The plaintiffs appealed directly to Us from the decision of dismissal.

It can readily be seen from the amended complaint that the plaintiffs depend on the compromise
agreement for the enforcement of their alleged rights. The situation herein is not materially different
from that in Tuason vs. Sanvictores, L-16836, January 30, 1962 and in Gonzales vs. Tuason, L-21692,
December 29, 1965, where the alleged Deudor vendees, threatened with eviction by ejectment brought
by the Tuasons, filed separate action to enforce their claimed preferential rights under the same
compromise agreement. In said previous cases, We held that this preferential right should be set up in
the possessory actions, it being in the nature of a compulsory counterclaim therein, otherwise the same
would be barred, pursuant to Section 6 of Rule 10 — now Section 4 of Rule 9 — of the Rules of Court:

SEC. 6. Counterclaim not set up barred.—A counterclaim not set up shall be barred if it arises out of or is
necessarily connected with, the transaction or occurrence that is the subject-matter of the opposing
party's claim and does not require for its adjudication the presence of their parties of whom the court
cannot acquire jurisdiction.

It plainly appears that the asserted right of the plaintiffs herein is necessarily connected with the
subject-matter of the aforestated possessory actions of the Tuasons against them. And it is not
contended that there are necessary third parties beyond the reach of the court's process.

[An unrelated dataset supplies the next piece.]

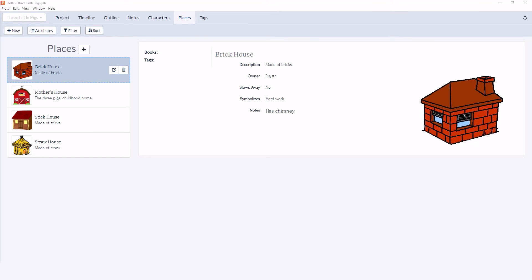We'll go over all of these elements in more detail in a future video. So that covers our overview of the Places section. If you have any questions, leave them in the comments below. Be sure to give the video a thumbs up and subscribe to our channel for all the newest information. I'll see you in the next video.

The plaintiffs,
as mentioned earlier, alleged in their amended complaint, particularly paragraph 8 thereof, that
ejectment suits filed by the Tuasons threaten their eviction. Nothing in the records before Us, except for
the claim of defendants that the possessory actions have already become final, indicates whether the
possessory suits have indeed become final or are still pending. It is clear, though, that, as stated,
plaintiffs' action here is in the nature of a compulsory counterclaim in those possessory actions. As
compulsory counterclaims, therefore, these may not be set up in subsequent actions such as this one.
To avoid multiplicity of suits, they should rather be asserted in the possessory actions, if the same had
not yet resulted in final and executory judgment.

WHEREFORE, the decision appealed from is hereby affirmed, with costs against appellants. So ordered.